Sawit Watch Airs Concerns Over Planned Revision of Manpower Law
Photo: Palm Oil Harvest Workers. Source: Sawit Watch
Palm oil watchdog Sawit Watch is airing concerns that a plan by the Ministry of Manpower to revise the Law on Manpower could lead to the legitimation of unfair manpower practices.
“The revision of the Law on Manpower is giving rise to concern that it would legitimize manpower practices that have so far been unfair,” Sawit Watch Executive Director Inda Fatinaware said in a written statement sent to the Palm Scribe on Monday (9/12).
The ministry, when recently presenting its revision of the law through the Omnibus Law on the Creation of Employments, said that it deemed the Law on Manpower as being not adaptive to the demands of investors.
“The government stated that the revision is being done because of problems in the field of manpower, that the Law was not adaptive to the demands of investments. This shows that the government is so far only accommodating the proposals of entrepreneurs. The government is not listening to the proposals of workers,” Inda said.
She said that she suspected the Omnibus Law was legitimizing the various proposals that were submitted by the associations of entrepreneurs to the president during their meeting in July 2019 that had been rejected by workers.
The proposals included the expansion of sectors where outsourcing would be allowed, on the length of contracts and arrangements related to compensation.
“In the oil palm plantation sector, these proposals can really become a burden for workers, especially women workers. Most women workers are not under a permanent work status and therefore the proposal to expand the outsourcing sectors and the expansion of contract periods would only legitimize the precariat status of women workers,” she added.
Zidane, a labor specialist of Sawit Watch who is also the Coordinator of the Oil Palm Labor Coalition (KBS) said that the precariat status is one of the main problems affecting labor in the oil palm plantation sector.

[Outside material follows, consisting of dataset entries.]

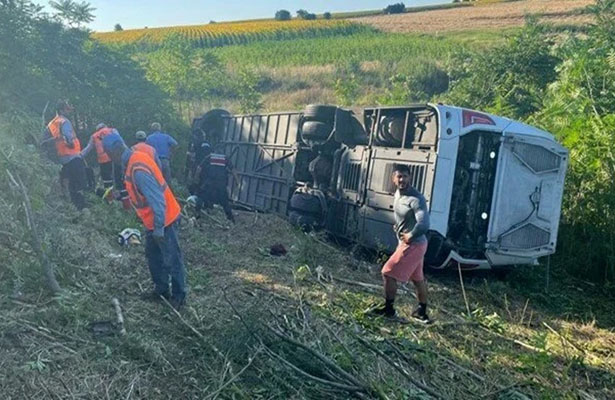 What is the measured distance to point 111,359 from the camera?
13.8 feet

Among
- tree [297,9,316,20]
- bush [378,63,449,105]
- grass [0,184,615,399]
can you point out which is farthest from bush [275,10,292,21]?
grass [0,184,615,399]

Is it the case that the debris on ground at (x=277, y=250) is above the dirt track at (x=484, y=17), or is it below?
below

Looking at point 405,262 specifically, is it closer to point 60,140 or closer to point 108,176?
point 60,140

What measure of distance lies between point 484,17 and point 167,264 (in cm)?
4305

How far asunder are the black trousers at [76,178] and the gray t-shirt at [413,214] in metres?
5.00

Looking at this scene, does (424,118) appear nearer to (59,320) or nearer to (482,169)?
(482,169)

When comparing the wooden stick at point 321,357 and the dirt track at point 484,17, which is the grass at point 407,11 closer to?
the dirt track at point 484,17

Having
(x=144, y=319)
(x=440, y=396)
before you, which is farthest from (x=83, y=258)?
(x=440, y=396)

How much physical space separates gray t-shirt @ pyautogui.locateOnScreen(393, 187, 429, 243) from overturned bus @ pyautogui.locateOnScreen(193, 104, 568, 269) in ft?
4.04

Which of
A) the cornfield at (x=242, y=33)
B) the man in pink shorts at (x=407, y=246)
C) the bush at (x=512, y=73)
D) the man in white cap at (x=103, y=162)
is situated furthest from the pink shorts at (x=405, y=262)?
the cornfield at (x=242, y=33)

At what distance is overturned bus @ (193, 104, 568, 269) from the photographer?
7.36 meters

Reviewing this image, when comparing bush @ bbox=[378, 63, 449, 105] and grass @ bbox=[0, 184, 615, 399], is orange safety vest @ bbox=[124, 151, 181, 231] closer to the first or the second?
grass @ bbox=[0, 184, 615, 399]

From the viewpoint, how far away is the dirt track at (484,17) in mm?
38312

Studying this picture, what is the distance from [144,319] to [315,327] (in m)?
1.47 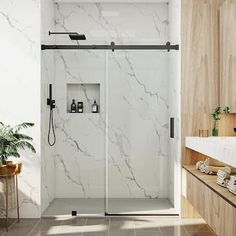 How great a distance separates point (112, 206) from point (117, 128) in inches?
33.1

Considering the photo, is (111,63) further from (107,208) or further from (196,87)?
(107,208)

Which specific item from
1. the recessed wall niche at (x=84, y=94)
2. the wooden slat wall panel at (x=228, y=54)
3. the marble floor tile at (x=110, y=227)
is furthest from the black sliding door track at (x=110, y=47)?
the marble floor tile at (x=110, y=227)

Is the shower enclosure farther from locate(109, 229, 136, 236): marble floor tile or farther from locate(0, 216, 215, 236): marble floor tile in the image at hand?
locate(109, 229, 136, 236): marble floor tile

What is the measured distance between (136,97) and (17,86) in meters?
1.27

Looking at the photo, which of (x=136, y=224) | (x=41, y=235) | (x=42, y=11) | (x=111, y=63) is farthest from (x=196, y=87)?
(x=41, y=235)

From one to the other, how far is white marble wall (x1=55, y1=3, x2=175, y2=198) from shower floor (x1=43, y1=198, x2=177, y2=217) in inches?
2.9

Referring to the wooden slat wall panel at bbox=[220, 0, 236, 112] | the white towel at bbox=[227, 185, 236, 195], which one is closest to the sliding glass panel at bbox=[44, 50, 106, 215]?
the wooden slat wall panel at bbox=[220, 0, 236, 112]

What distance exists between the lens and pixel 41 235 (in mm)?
3840

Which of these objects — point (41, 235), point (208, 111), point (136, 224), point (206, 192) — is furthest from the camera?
point (208, 111)

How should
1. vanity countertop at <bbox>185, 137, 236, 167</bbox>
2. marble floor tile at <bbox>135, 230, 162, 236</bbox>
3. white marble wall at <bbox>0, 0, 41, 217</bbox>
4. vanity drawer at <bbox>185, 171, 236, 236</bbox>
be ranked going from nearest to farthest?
vanity drawer at <bbox>185, 171, 236, 236</bbox>, vanity countertop at <bbox>185, 137, 236, 167</bbox>, marble floor tile at <bbox>135, 230, 162, 236</bbox>, white marble wall at <bbox>0, 0, 41, 217</bbox>

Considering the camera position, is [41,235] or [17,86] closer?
[41,235]

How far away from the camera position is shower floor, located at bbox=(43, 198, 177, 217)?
14.7ft

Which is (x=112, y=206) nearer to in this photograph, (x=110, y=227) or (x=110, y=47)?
(x=110, y=227)

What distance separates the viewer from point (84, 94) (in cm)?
446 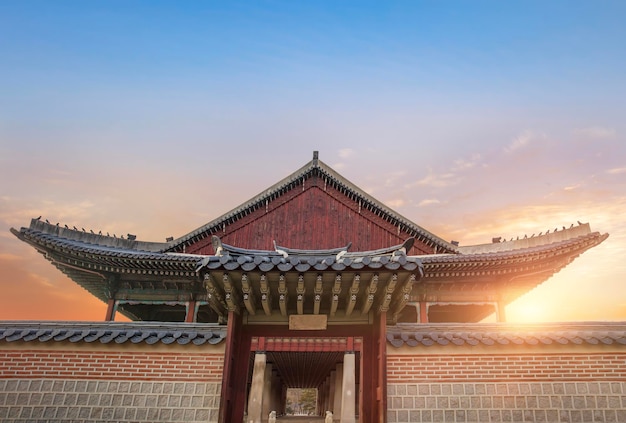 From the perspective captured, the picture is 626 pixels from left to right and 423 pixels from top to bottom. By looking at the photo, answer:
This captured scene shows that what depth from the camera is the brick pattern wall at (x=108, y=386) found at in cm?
747

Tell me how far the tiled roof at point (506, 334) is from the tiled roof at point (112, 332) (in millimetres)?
3315

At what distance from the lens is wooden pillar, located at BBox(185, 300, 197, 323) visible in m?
17.3

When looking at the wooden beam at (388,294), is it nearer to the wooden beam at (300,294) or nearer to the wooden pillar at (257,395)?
the wooden beam at (300,294)

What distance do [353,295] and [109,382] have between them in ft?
14.8

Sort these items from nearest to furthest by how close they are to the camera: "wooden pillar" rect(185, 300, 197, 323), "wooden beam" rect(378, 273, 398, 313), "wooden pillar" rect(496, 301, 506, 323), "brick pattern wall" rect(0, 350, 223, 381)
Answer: "wooden beam" rect(378, 273, 398, 313), "brick pattern wall" rect(0, 350, 223, 381), "wooden pillar" rect(496, 301, 506, 323), "wooden pillar" rect(185, 300, 197, 323)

“The massive number of daily labor, piecemeal workers, contract labor, workers with unclear work contracts are clear facts in oil palm plantation. Are those what the government and corporations mean by manpower problem and therefore, those practices are being justified through the Omnibus Law?” asked Zidane in the same written statement.
He said that the government has been talking a lot about ease of investment but never on the matter of the welfare of workers.
“We are worried that the law on the Creation of employments will disadvantage oil palm workers, legitimize exploitative work practices in oil palm plantations,” he added
Inda said that economic growth should not become a reason for ignoring the rights of workers.
“The government should come out with policies protecting workers in oil palm plantation, and not only come out with regulations to facilitate investment,” she said.